Le sue parole sono state uno taglio nella tela, come i tagli di Fontana: il tentativo di guardare cosa c’è oltre ciò che vediamo. Qualcuno può vedere una tela rovinata e dire che non è arte; così come qualcuno può leggere il personaggio di Madonnina e pensare che non sia un essere umano. Ma Fontana, in quegli squarci, vedeva la luce passare e, ancor di più, il senso di infinito che si cela dietro l’arte - e così Madonnina diventa il simulacro e il simbolo di tutto un mondo carico di immaginifica sofferenza e di terribile bellezza. 

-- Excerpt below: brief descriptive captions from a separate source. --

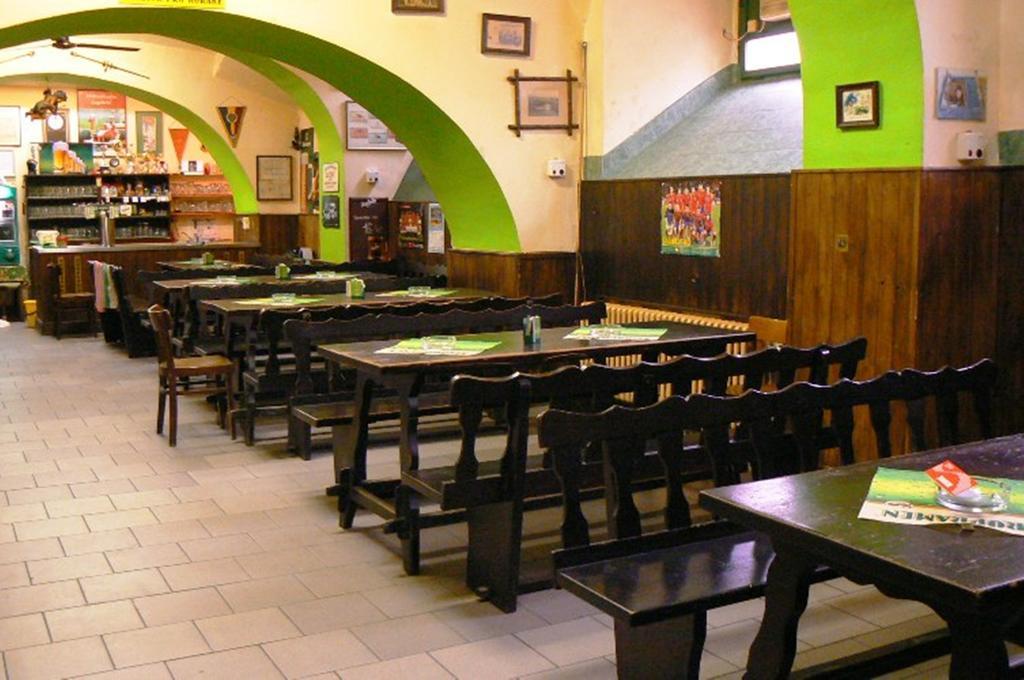 Jičín Hotel Pariz מראה חיצוני תמונה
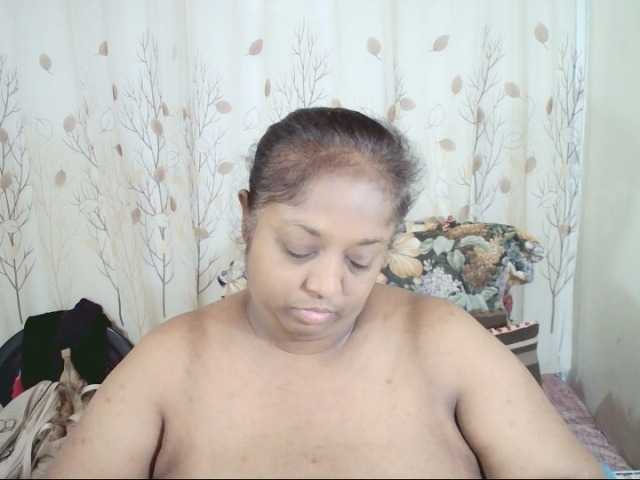 Indiantasha live cam on BongaCams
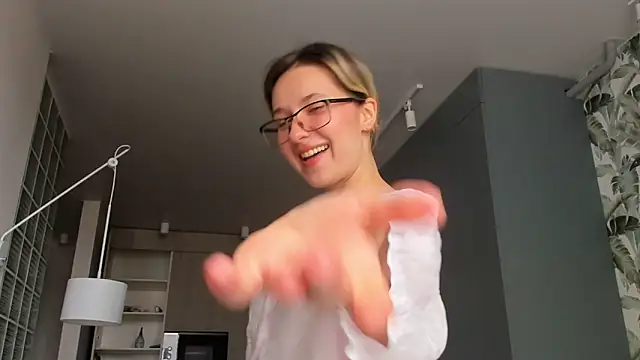 Snapshot of Lilith_lutherlow chatting on 9, 4, 2026 Lilith lutherlow online show from 9, 4, 2026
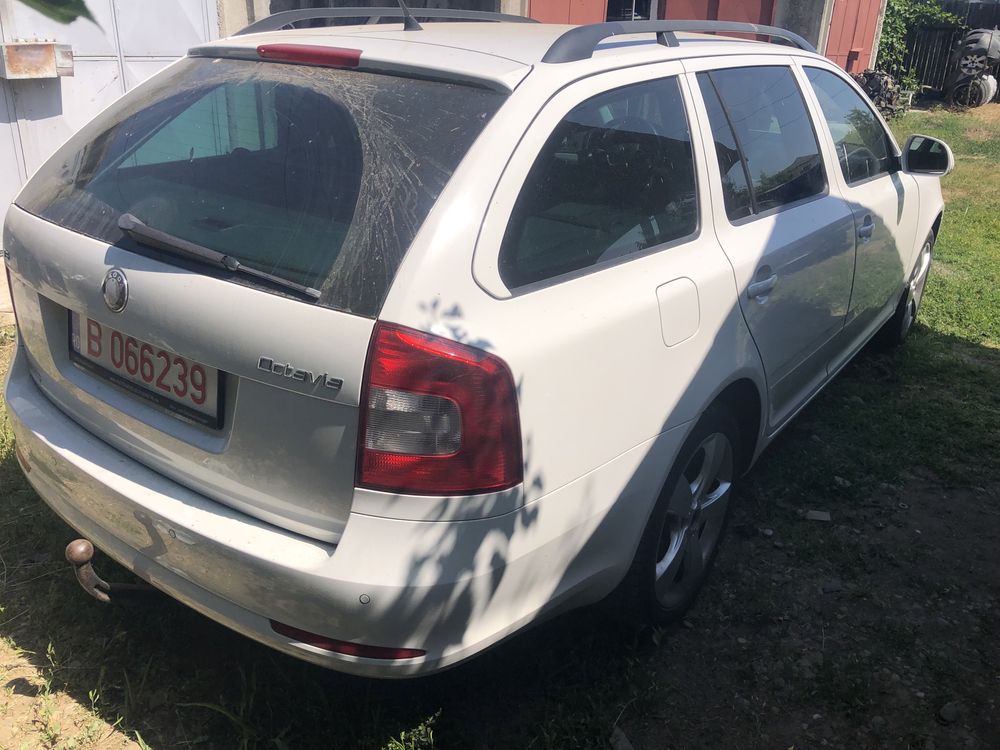 Haion Portbagaj Skoda Octavia 2 fl facelift break combi alb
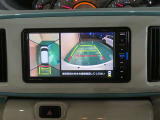 パノラミックビューモニター搭載。カメラで車両周囲の状況を映し出すため、狭い場所での駐車などに役立ちます。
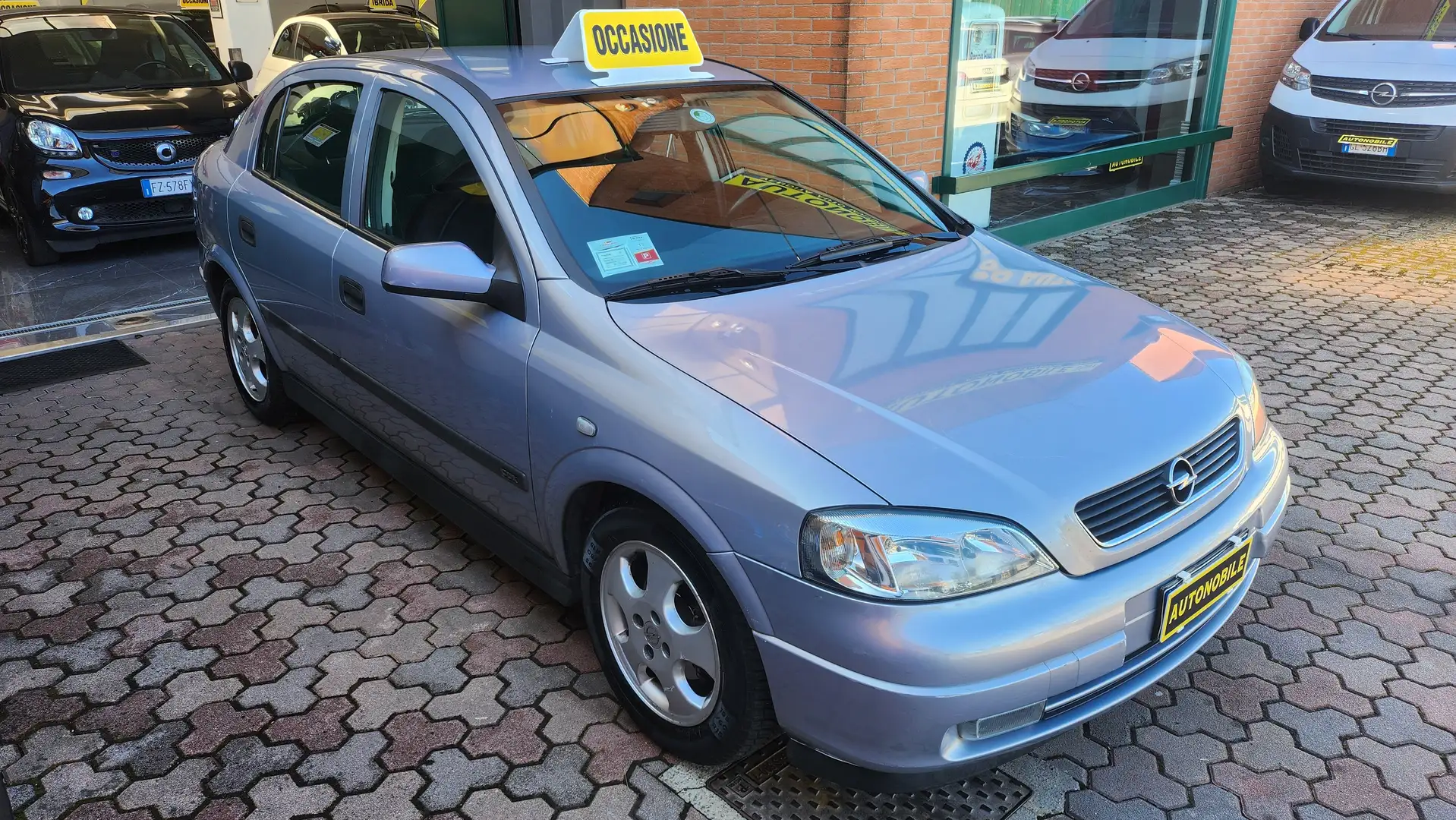 Opel Astra Astra II 1998 5p 1.6i 16v Club Grijs - 2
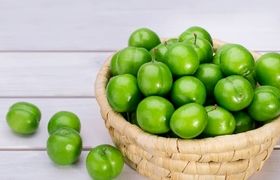 خانم‌های باردار گوجه سبز بخورند یا نه ؟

Ma forse, leggendo Tutto chiede salvezza, più di ogni altro artista è venuto a farmi visita Egon Schiele: i suoi ritratti e i suoi autoritratti dalla pelle scorticata; il sangue, i nervi, il corpo umano letteralmente spogliato. I corpi che diventano campi di battaglia della società e della mente, del mondo e dell’anima, sofferenza e godimento, Inferno e Paradiso in uno scontro continuo. E sotto i lividi, la pelle, il sangue, i nervi, le ossa Egon trova tutto e trova niente, trova l’uomo sofferente messo a nudo e l’anima splendente e infinita. Si sveste, muore, cerca un senso. Lo si trova solo nel farsi attraversare dalla Bellezza.


E qui taccio, perché forse mi sto vestendo troppo.